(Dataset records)
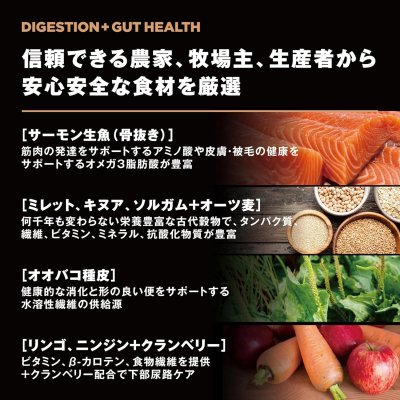 画像5: go!消化+腸の健康ケア キャットフード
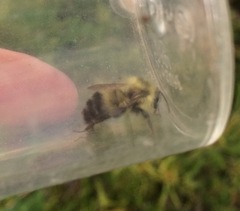 Bombus perplexus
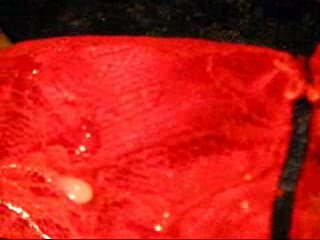 From the vaults: 2011(?) Sharon's New Year Dress (WMV version)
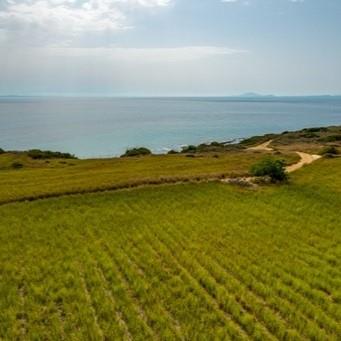 Image No.2-Terre à vendre à Skala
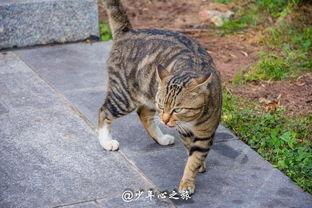 粉圈猫吃瓜群众,揭秘吃瓜群众的娱乐盛宴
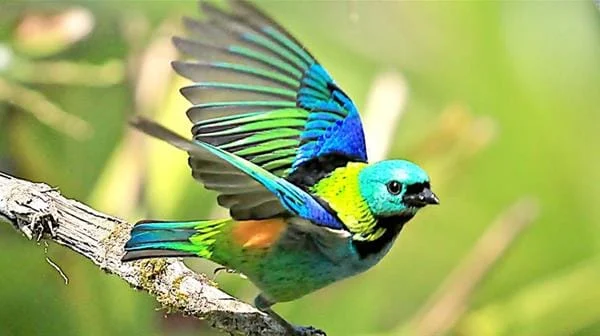 1° Workshop de Observadores de Aves do Leste de MG 1 Você sabia que a prática de observar pássaros em seu hábitat natural é um tipo de turismo? Conhecida como Birdwatching a prática tem gerado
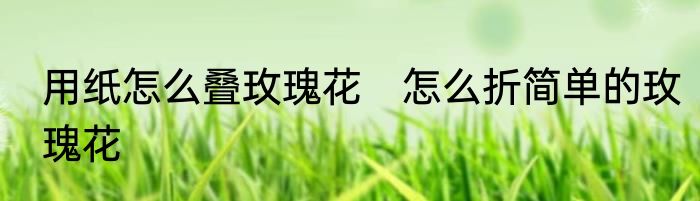 用纸怎么叠玫瑰花　怎么折简单的玫瑰花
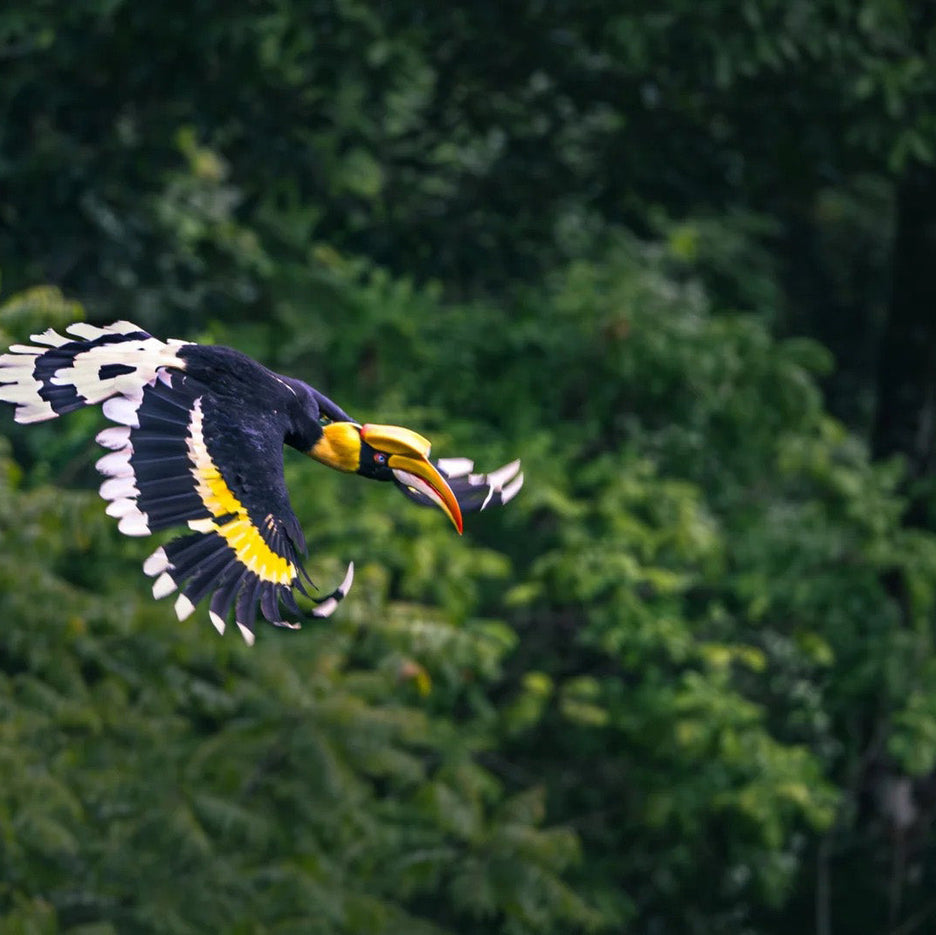 Yunnan Birding Tours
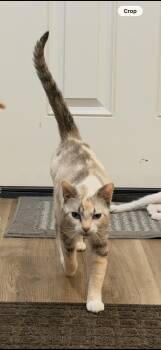 Mama -  Siamese and Domestic Short Hair Cat for Adoption - Mama | PetCurious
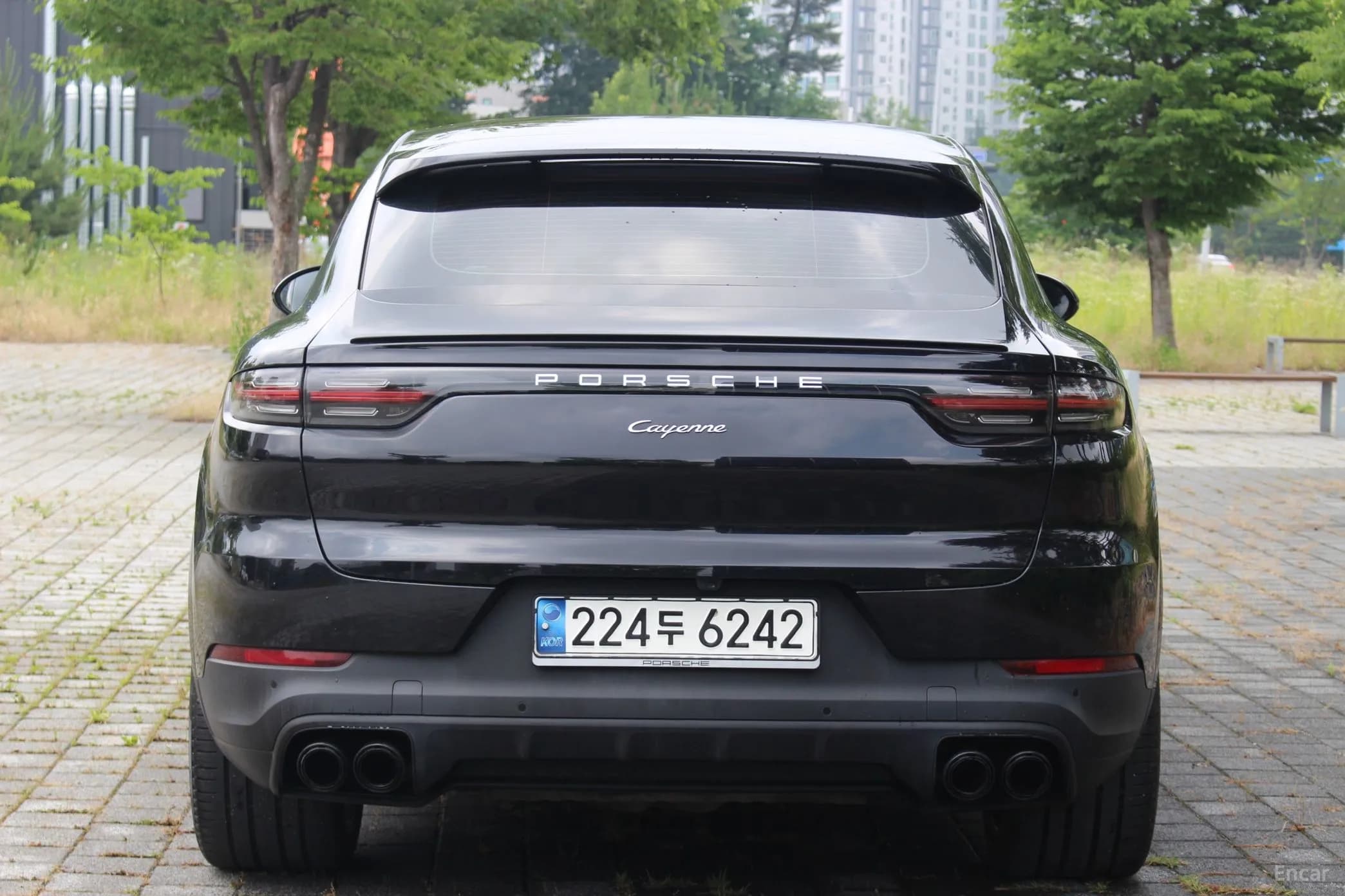 Cayenne (PO536)
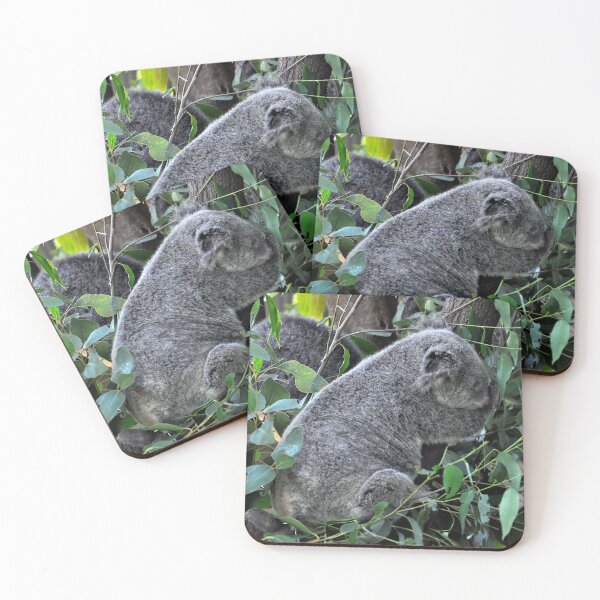 Item preview, Australia - Cairns, Kuranda designed and sold by franck380.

- [What you will do]: The records above must be output exactly, except for the pictures.

- [Response for this exercise]:
 画像5: go!消化+腸の健康ケア キャットフード
 Bombus perplexus
 From the vaults: 2011(?) Sharon's New Year Dress (WMV version)
 Image No.2-Terre à vendre à Skala
 粉圈猫吃瓜群众,揭秘吃瓜群众的娱乐盛宴
 1° Workshop de Observadores de Aves do Leste de MG 1 Você sabia que a prática de observar pássaros em seu hábitat natural é um tipo de turismo? Conhecida como Birdwatching a prática tem gerado
 用纸怎么叠玫瑰花　怎么折简单的玫瑰花
 Yunnan Birding Tours
 Mama -  Siamese and Domestic Short Hair Cat for Adoption - Mama | PetCurious
 Cayenne (PO536)
 Item preview, Australia - Cairns, Kuranda designed and sold by franck380.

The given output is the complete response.